Did any of you lot actually read the article?
That really is precisely what the article links to suggests - or not - depending upon the reader's initial view. The slight elevated risk of cancer actually would simply bring the worker life expectancy to near population normal rates. Without sorting out nuclear-plant workers from the general population first and then comparing the Fukushima workers specifically against that subpopulation no effect would be detectable. Even using the subsampling would be problematic because the effect on the rate is "slight." The fact is that without a much larger population of exposed workers the measurable effect will be lost in statistical noise. Also, different types of radiation present different hazard levels. As long you don't ingest or inhale alpha emitters, alpha radiation is nearly harmless. The outer layers of the skin, which are basically a dead armor, will be sloughed off and no effects should actually enter the living part of the system. UV from sunlight is more hazardous.
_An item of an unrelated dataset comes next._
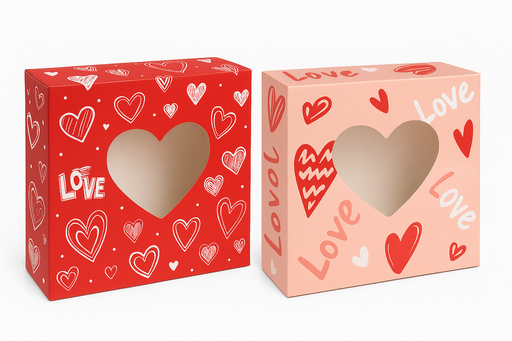 Caja Rectangular con Visor de Corazon 20x12x7 Und Varios Modelos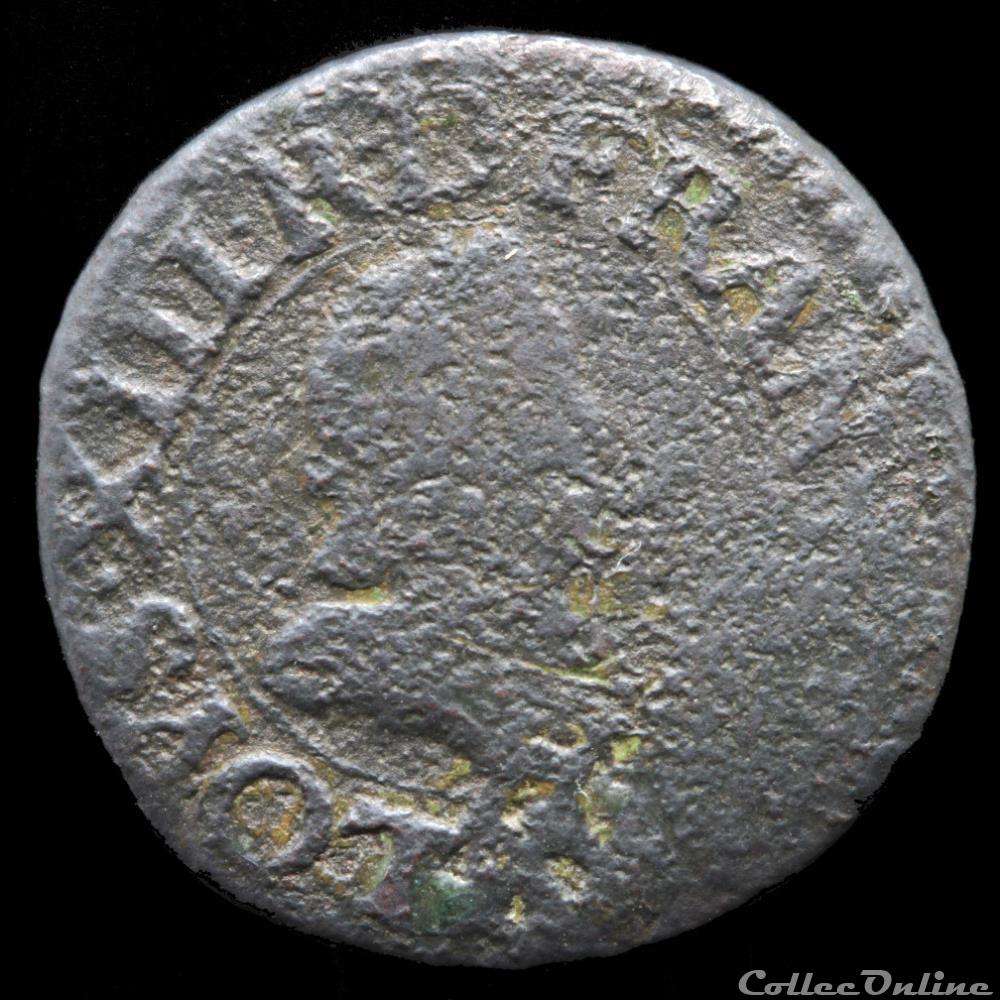 CGKL 416 - Louis XIII - Denier tournois 1619 G Poitiers monnaie france royale cgkl 416 louis xiii denier tournois 1619 g poitiers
The effectiveness of the evacuation is in fact unknown. The exposure of the population would be in general lower than that experienced by the workers at the plant. The given the size of the evacuated population, the statistics would very likely reveal what affect the exposure might have had, if they had remained in place. As it is, some people might have had their lives shortened by the exposure, but you would never be able to say which. Instead, we really do know how many died because of the evacuation and who those were. Personally, I'm not sure which is better.